Neil> Alan and Frank have very different relationships with Hollywood than I do. Alan’s relationship was very simple. He started out saying, “It has nothing to do with me. You can give me the money and go and make a film, but I’ve made the comic, and that’s great.” And then, he got hurt. Films that were not faithful, and films that were wrong, got made. At the point that The League of Extraordinary Gentlemen got made, it was a bad thing. Frank went through the traditional Hollywood experience with Robocop 2 and Robocop 3. He wasn’t happy with the films, and he wasn’t happy with what had happened, so he went off and did not come back until Robert Rodriguez sold him on doing Sin City that way. That was Frank’s return, not that he hadn’t written some scripts and stuff, in the meantime. For me, watching what happened to Alan taught me that I was not going to walk off and leave my babies. I sold Stardust to Miramax, at one point, and it nearly went wrong and bad. When I got the rights back, I thought, “I’m not doing that again.” So, for many years after that, my agent would call me up and say, “Such and such young, beautiful star wants Stardust as a starring vehicle for herself,” and I would say, “No.” Or, they would call me and say, “Such and such director wants it,” and I’d go and look at their stuff, and I would say, “No.”
 
MediaBlvd> What changed your mind?
Neil> Matthew Vaughn. I trusted him and we’d worked together on a film where he’d produced me, and he’d actually stuck to his word, which is really weird. Recently, I was approached by a producer, so I asked a scriptwriter friend of mine, who had actually worked with this producer, “Is he trustworthy?” And, he wrote back and said, “Asking if a Hollywood producer is trustworthy is kind of like asking if this lion is vegetarian.” But, I did trust Matthew. Matthew, more or less, became a director by accident, with Layer Cake. He prepared the script for Guy Ritchie, but Guy wasn’t interested. Matthew looked for a director and then said, “Fuck it,” and did it himself, and did it beautifully. Then, when Matthew walked off X-Men 3 because he just was not happy with the script or the budget or what he was being asked to do, he basically called me up, about a week later, and said, “I want to do Stardust, and I want to work with you on it. I want you to produce it with me. If you want to write it, you can write it, but I want to do it with you.” And, I said, “Sure.” Actually, I didn’t want to write it. I went and found him Jane Goldman, as a writer, because I thought they would work really well together. And, I got to oversee it, I got to help, I got to advise, I got to argue and I got to check out the casting process. I got to feel it was my thing.
 
MediaBlvd> Do you prefer working with somebody who’s adapting your work, or adapting it yourself?

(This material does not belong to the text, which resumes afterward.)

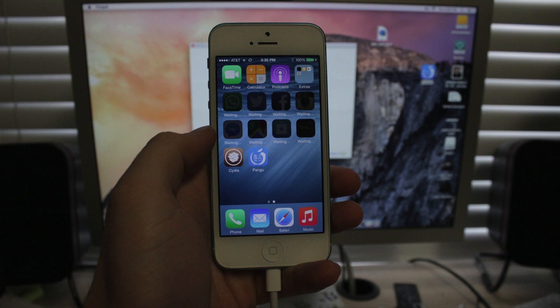If it fails, just click Re-Jailbreak. I've heard that that happens sometimes. But that process is just going to go right through and then you're going to end up with Cydia and the Pangu app on your home screen.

Neil> It depends, honestly. Mostly, I think I prefer not adapting my work. I like adapting other people’s work, or doing something new in film, because otherwise you end up running through the thought patterns that created the thing, in the first place. For example, it was much easier for me, for Coraline, to let Henry Selick do it, and then advise and say, “I wouldn’t do that.” And, Henry has been incredibly receptive.